Eonia® is based on overnight lending rates in the Eurozone. Banks are required to have a certain percentage of their deposits on hand to satisfy withdrawal demands, and sometimes banks fall short of their requirements because of daily fluctuations in deposit levels. To meet reserve requirements, banks often lend funds to each other overnight. These loans are unsecured, and they are repaid the next day. The lending bank profits from gaining interest on its excess reserves, and the borrowing bank meets regulations.

To calculate this rate, Euribor-EBF and the European Central Bank keep track of all of the unsecured overnight lending that occurs between the banks in the European Banking Federation.

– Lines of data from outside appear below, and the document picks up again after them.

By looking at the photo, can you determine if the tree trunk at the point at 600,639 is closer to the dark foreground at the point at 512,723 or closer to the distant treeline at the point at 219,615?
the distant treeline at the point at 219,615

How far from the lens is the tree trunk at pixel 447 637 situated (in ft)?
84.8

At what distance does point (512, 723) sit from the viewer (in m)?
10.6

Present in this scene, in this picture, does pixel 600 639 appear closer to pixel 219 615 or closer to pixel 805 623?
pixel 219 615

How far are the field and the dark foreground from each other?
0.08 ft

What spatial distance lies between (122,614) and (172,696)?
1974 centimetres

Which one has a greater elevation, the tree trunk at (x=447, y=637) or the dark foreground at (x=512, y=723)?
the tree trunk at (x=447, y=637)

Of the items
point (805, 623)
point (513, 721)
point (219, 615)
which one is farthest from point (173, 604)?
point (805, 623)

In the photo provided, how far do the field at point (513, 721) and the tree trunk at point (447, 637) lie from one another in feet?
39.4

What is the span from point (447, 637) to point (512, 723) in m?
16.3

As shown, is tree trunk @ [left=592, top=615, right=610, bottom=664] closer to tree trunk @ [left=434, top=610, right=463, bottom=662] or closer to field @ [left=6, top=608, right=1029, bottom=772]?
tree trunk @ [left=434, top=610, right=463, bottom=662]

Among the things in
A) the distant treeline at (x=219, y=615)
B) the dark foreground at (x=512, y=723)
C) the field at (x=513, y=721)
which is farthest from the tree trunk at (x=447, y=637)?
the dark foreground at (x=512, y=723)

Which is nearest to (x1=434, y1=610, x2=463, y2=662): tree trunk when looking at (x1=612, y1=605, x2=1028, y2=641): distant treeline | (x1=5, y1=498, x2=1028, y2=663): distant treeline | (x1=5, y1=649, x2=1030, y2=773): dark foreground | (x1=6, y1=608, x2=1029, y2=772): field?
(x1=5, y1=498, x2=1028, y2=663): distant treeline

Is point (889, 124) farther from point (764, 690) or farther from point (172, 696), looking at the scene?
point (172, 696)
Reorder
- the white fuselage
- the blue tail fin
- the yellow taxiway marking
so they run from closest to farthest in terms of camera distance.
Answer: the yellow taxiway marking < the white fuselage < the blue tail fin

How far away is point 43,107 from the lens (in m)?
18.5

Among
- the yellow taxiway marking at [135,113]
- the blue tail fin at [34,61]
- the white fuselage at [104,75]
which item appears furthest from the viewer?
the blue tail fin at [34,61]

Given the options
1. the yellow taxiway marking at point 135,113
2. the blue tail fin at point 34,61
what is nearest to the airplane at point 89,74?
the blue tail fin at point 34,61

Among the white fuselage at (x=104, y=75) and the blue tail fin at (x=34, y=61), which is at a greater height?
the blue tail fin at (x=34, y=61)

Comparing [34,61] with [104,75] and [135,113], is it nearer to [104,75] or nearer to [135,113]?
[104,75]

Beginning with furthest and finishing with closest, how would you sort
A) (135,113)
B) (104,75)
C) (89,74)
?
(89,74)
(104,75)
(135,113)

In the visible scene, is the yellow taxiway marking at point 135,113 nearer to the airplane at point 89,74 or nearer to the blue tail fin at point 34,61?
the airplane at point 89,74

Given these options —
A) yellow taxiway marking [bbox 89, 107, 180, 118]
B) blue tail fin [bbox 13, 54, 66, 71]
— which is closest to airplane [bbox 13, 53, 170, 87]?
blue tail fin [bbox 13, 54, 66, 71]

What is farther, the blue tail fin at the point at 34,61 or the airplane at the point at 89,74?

Eonia® is a weighted average of all of the loans of this type that occur in the Eurozone. Thus, it represents a benchmark rate for overnight loans between banks that are transacted in the euro.

Euribor-EBF was created concurrently with the introduction of the euro in 1999. It is an international nonprofit association that functions under Belgian law. National banking associations from the European Union’s member states comprise Euribor-EBF. To join, a national association must be based in a country that uses the euro.

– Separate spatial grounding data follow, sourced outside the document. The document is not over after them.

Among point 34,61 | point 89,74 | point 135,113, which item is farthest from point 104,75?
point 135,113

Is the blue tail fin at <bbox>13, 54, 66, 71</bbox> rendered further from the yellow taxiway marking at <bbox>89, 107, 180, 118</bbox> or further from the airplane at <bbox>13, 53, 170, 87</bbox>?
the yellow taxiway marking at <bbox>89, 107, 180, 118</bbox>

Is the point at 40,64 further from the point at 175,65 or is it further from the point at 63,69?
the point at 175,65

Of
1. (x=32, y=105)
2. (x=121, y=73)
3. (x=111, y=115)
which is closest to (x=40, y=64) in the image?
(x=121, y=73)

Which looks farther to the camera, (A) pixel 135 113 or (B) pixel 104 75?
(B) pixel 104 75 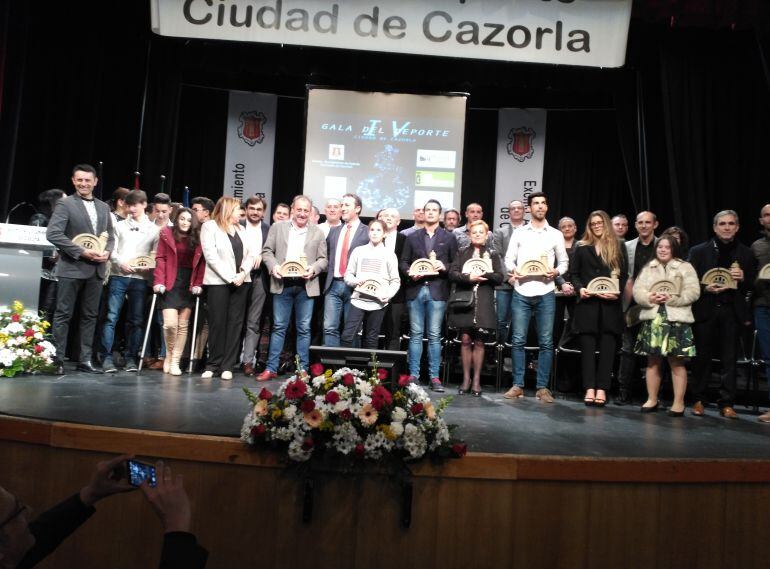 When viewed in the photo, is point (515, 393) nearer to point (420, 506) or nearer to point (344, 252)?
point (344, 252)

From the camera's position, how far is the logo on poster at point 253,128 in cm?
1089

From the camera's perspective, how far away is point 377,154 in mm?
9734

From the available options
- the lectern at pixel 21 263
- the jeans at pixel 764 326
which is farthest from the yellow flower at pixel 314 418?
the jeans at pixel 764 326

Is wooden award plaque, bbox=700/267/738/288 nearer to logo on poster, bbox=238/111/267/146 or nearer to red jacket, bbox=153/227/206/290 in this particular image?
red jacket, bbox=153/227/206/290

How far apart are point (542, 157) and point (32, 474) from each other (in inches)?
343

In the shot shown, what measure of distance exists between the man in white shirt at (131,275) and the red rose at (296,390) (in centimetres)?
354

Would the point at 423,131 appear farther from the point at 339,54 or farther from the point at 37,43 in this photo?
the point at 37,43

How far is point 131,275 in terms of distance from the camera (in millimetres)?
6695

The purpose of Euribor-EBF is to sponsor benchmark interest rates. It has four benchmarks. The first Eonia® rate was reported on 4 January 1999. The only guaranteed sources of accurate rates for benchmarks sponsored by Euribor-EBF are Reuters and the Euribor-EBF website.

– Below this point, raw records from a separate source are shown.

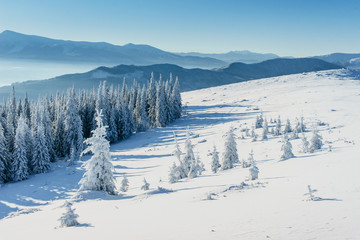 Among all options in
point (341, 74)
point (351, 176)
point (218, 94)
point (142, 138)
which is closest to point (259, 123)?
point (142, 138)

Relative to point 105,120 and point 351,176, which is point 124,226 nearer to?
point 351,176

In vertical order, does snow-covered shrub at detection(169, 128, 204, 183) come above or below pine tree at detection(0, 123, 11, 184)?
above

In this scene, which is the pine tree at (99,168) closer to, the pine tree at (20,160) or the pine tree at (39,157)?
the pine tree at (20,160)

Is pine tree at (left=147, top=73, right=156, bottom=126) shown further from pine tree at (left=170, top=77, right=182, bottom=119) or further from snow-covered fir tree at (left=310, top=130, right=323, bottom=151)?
snow-covered fir tree at (left=310, top=130, right=323, bottom=151)

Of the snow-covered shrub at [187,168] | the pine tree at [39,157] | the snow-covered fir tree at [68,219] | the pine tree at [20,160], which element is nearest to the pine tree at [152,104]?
the pine tree at [39,157]

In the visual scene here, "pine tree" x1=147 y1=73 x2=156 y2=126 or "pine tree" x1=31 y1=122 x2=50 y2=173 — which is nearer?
"pine tree" x1=31 y1=122 x2=50 y2=173

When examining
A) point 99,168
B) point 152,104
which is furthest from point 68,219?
point 152,104

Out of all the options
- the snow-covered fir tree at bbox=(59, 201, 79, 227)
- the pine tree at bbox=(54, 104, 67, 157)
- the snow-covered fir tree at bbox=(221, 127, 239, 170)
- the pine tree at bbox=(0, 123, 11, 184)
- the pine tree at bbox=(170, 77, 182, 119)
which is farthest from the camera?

Euribor-EBF sponsors three benchmark rates in addition to Eonia®. Euribor®, the Euro Interbank Offered Rate, is also based on unsecured loans between member banks, but Euribor® is not limited to overnight loans. Eurepo® is a benchmark for interbank lending that does require collateral. The borrowing bank must supply Euro-dominated General Collateral, of Eurepo® GC, to insure the loan.

The final benchmark sponsored by Euribor-ETF is called Eoniaswap®. To calculate this, Euribor-EBF collects estimates that are quoted by a select group of banks. These banks quote the interbank rate for Eonia® swaps; that is, interest rate swaps where the underlying interest rate is the Eonia® benchmark. The average of these quotes gives Eoniaswap®.